Holy &@#$, yes please!
And far beyond the excitement I felt at reading a "new" novel from an author I loved was the realization, as I was reading, that it was bloody wonderful. I couldn't put it down, and as I reached the last chapter or two, I was in terrible suspense as to whether it could end as well as it had started. (It did.)
Yes yes yes, Furrowed Middlebrow, for heaven's sake, shut up and tell us what you're on about!
The book in question is...
The Marble Staircase, by none other than the incomparable and irresistible Elizabeth Fair.
[pause for suitable shrieks and exclamations]
|The envelope in which the manuscript|
was discovered by Fair's heirs
It's just oh so lovely. Shall I say just a bit about the plot? Twist my arm.
In the mid-1950s, Charlotte Moley, a widow who has long been a bit browbeaten by her grown daughter and very traditional mother ("Charlotte could be likened to grit in their smooth-running lives"), receives an unexpected inheritance from an old friend with whom she once spent idyllic holidays in Italy. The larger-than-life Mrs. Gamalion leaves her a house in the village of Nything (based, almost certainly, on Lytham in Lancashire, where the Fair family sometimes spent holidays), a bit the worse for wear but sufficient to awaken fantasies in Charlotte of leaving her old life behind and making a fresh start. As she explores the village and the house containing Mrs. Gamalion's belongings, memories of their times in Italy return...

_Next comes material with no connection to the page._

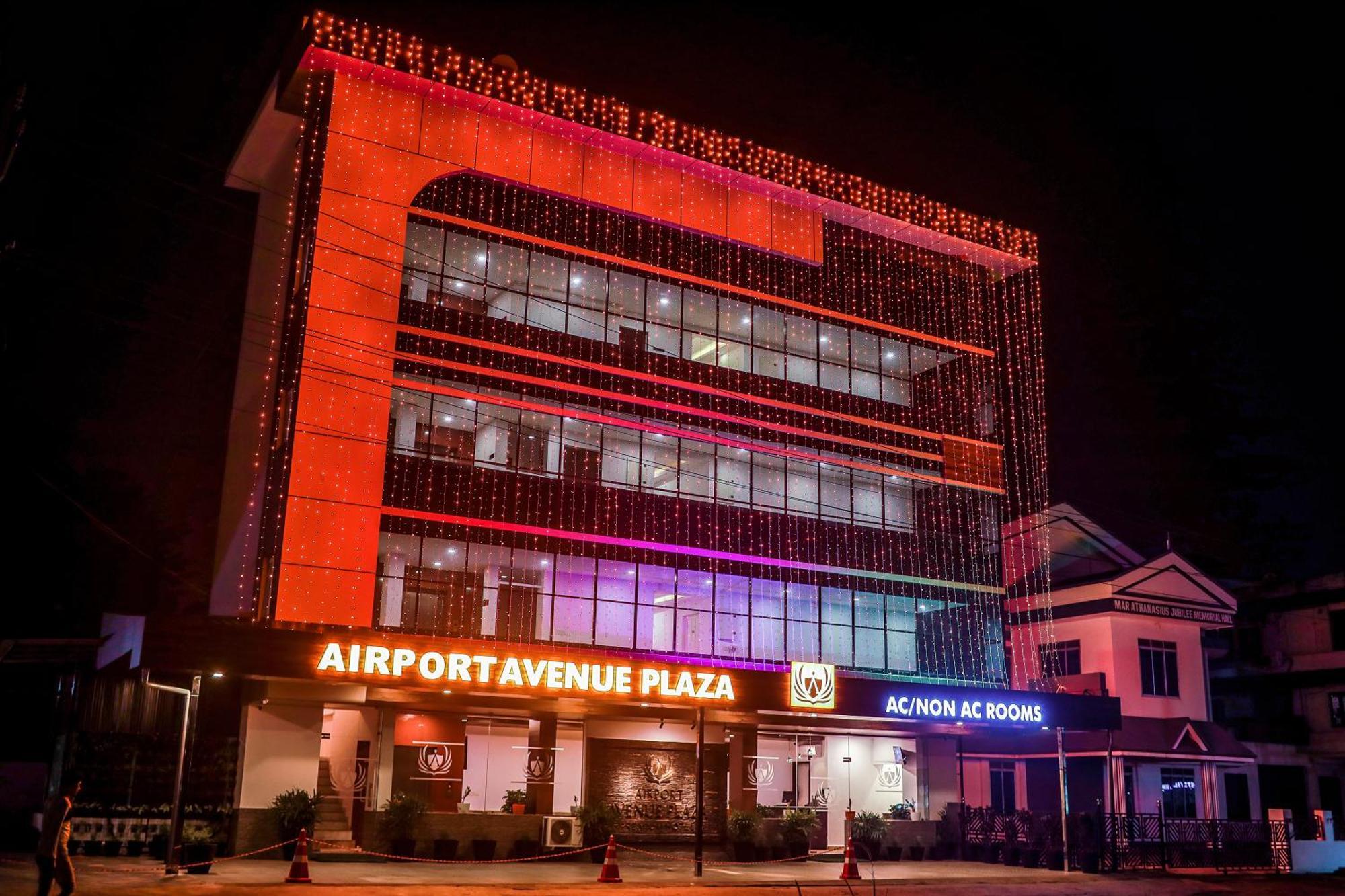 Airport Avenue Plaza Hotel เนดุมบัสเซรี ภายนอก รูปภาพ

I don't want to say too much, so I will simply add that when I described it to Rupert at Dean Street Press, in what was undoubtedly an annoyingly giddy, hyperventilating sort of email, I said it was like All Passion Spent crossed with The Enchanted April and filtered through the sensibility of Penelope Lively. You may, of course, describe it in your own way, and happily you will have the chance to do just that before too long, as we have bumped another planned title out of the way in order to release The Marble Staircase with our summer 2022 batch of titles (exact release date coming soon, along with announcements of our other summer titles, for which lingering contract revisions are flying back and forth as you read these words).
|The opening paragraph of The Marble Staircase|
To add to this title's fascination, while first assumptions might be that The Marble Staircase was Fair's final novel, perhaps rejected by her publisher as times changed, snippets from Fair's diaries which were shared with me by her heirs suggest a more complex story. She mentions working on the novel (perhaps initially titled The Italian Legacy and, later, The Beautiful View) at least as early as January 1958, not long after the appearance of her fifth novel, A Winter Away, and more than two years before her final published novel, The Mingham Air, appeared. The longer-than-usual gap between the publications of Winter and Mingham may well suggest that Fair was initially at work on Staircase but that she was experimenting with different structures and alternative ways of telling her story.
Staircase is, structurally, a more complex novel than Fair's other work, with its shifts from the present time in Nything to Charlotte's shimmering recollections of the Italy of 25 years earlier. Fair's diary suggests that she initially planned to devote the first part of the novel to Charlotte's and Mrs. Gamalaion's time in Italy, and the latter part to Charlotte's present attempts at a new life, but she decided later that the two sections should be interwoven and allowed to resonate more fully with each other. A more challenging project, no doubt, and one that must have required considerable work and planning.
We have no evidence that Fair ever submitted The Marble Staircase to her publisher. Perhaps she remained unsatisfied with it, or planned to return to it for further revisions. Perhaps she felt it was taking too long and put it aside to write The Mingham Air. However, the manuscript we have is certainly complete, and however extensive the reworking and revising she had done, this is clearly a more or less final edit, with only minimal handwritten corrections of small errors. I'm obviously a bit biased, but if she did have lingering doubts about the success of her experiments, I can't imagine that many readers will share them.